(Saved data entries)
• • •

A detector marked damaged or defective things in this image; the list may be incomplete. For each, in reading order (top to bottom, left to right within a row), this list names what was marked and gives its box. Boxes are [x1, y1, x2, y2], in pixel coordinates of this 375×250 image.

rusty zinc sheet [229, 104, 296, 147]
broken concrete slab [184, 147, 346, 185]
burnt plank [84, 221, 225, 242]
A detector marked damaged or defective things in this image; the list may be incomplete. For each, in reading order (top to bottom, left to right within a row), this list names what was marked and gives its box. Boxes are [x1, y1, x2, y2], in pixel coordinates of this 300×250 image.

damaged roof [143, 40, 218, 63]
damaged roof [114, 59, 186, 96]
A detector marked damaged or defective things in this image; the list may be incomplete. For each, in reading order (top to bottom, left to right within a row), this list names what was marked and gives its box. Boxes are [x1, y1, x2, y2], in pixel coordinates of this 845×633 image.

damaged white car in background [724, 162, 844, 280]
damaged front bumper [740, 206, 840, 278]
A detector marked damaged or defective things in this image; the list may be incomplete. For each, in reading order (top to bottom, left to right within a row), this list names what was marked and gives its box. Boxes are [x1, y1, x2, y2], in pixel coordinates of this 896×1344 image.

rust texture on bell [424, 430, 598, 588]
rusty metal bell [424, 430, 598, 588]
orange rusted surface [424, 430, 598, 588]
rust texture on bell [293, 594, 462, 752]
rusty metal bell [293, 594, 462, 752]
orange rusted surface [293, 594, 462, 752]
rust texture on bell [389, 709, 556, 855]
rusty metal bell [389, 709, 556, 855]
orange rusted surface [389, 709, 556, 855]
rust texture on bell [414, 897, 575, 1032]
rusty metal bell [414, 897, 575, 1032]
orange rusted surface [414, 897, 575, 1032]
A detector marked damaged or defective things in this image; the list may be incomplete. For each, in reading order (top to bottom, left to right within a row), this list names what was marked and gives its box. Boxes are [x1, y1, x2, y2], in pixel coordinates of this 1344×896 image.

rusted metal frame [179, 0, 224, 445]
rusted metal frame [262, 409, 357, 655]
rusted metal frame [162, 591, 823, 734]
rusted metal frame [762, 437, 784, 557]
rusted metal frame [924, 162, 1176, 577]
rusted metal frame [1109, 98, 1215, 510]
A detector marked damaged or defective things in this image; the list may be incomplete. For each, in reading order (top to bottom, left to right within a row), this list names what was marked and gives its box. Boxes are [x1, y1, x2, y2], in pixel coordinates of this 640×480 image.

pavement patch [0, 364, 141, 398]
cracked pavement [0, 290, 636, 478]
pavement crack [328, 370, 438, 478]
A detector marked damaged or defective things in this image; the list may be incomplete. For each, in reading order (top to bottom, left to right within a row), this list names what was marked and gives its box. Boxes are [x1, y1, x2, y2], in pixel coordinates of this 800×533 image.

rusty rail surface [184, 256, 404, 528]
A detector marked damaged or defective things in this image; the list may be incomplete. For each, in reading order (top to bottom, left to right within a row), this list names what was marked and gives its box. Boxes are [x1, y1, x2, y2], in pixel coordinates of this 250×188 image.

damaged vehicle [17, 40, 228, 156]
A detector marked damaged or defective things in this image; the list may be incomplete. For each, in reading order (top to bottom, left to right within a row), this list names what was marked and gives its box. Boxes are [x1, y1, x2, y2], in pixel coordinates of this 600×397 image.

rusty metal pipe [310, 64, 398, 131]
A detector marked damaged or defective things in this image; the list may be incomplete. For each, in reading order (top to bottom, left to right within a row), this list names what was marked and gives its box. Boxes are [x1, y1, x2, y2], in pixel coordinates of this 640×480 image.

• • •

What the exercise asks:
Down to the final line, the data above must be copied exactly.

Output for this exercise:
A detector marked damaged or defective things in this image; the list may be incomplete. For each, in reading order (top to bottom, left to right within a row), this list names what was marked and gives its box. Boxes are [x1, y1, x2, y2], in pixel coordinates of this 375×250 image.

rusty zinc sheet [229, 104, 296, 147]
broken concrete slab [184, 147, 346, 185]
burnt plank [84, 221, 225, 242]
A detector marked damaged or defective things in this image; the list may be incomplete. For each, in reading order (top to bottom, left to right within a row), this list names what was marked and gives its box. Boxes are [x1, y1, x2, y2], in pixel coordinates of this 300×250 image.

damaged roof [143, 40, 218, 63]
damaged roof [114, 59, 186, 96]
A detector marked damaged or defective things in this image; the list may be incomplete. For each, in reading order (top to bottom, left to right within a row), this list names what was marked and gives its box. Boxes are [x1, y1, x2, y2], in pixel coordinates of this 845×633 image.

damaged white car in background [724, 162, 844, 280]
damaged front bumper [740, 206, 840, 278]
A detector marked damaged or defective things in this image; the list may be incomplete. For each, in reading order (top to bottom, left to right within a row), this list names what was marked and gives its box. Boxes are [x1, y1, x2, y2], in pixel coordinates of this 896×1344 image.

rust texture on bell [424, 430, 598, 588]
rusty metal bell [424, 430, 598, 588]
orange rusted surface [424, 430, 598, 588]
rust texture on bell [293, 594, 462, 752]
rusty metal bell [293, 594, 462, 752]
orange rusted surface [293, 594, 462, 752]
rust texture on bell [389, 709, 556, 855]
rusty metal bell [389, 709, 556, 855]
orange rusted surface [389, 709, 556, 855]
rust texture on bell [414, 897, 575, 1032]
rusty metal bell [414, 897, 575, 1032]
orange rusted surface [414, 897, 575, 1032]
A detector marked damaged or defective things in this image; the list may be incomplete. For each, in reading order (top to bottom, left to right within a row), this list names what was marked and gives its box. Boxes are [x1, y1, x2, y2], in pixel coordinates of this 1344×896 image.

rusted metal frame [179, 0, 224, 445]
rusted metal frame [262, 409, 357, 655]
rusted metal frame [162, 591, 823, 734]
rusted metal frame [762, 437, 784, 557]
rusted metal frame [924, 162, 1176, 577]
rusted metal frame [1109, 98, 1215, 510]
A detector marked damaged or defective things in this image; the list may be incomplete. For each, in reading order (top to bottom, left to right within a row), this list names what was marked and gives its box. Boxes are [x1, y1, x2, y2], in pixel coordinates of this 640×480 image.

pavement patch [0, 364, 141, 398]
cracked pavement [0, 290, 636, 478]
pavement crack [328, 370, 438, 478]
A detector marked damaged or defective things in this image; the list may be incomplete. For each, in reading order (top to bottom, left to right within a row), this list names what was marked and gives its box. Boxes are [x1, y1, x2, y2], in pixel coordinates of this 800×533 image.

rusty rail surface [184, 256, 404, 528]
A detector marked damaged or defective things in this image; the list may be incomplete. For each, in reading order (top to bottom, left to right within a row), this list names what was marked and gives its box. Boxes are [x1, y1, x2, y2], in pixel coordinates of this 250×188 image.

damaged vehicle [17, 40, 228, 156]
A detector marked damaged or defective things in this image; the list may be incomplete. For each, in reading order (top to bottom, left to right within a row), this list names what was marked and gives its box. Boxes are [x1, y1, x2, y2], in pixel coordinates of this 600×397 image.

rusty metal pipe [310, 64, 398, 131]
A detector marked damaged or defective things in this image; the list may be incomplete. For each, in reading order (top to bottom, left to right within a row), this list names what was marked and gives its box. Boxes are [x1, y1, x2, y2], in pixel coordinates of this 640×480 image.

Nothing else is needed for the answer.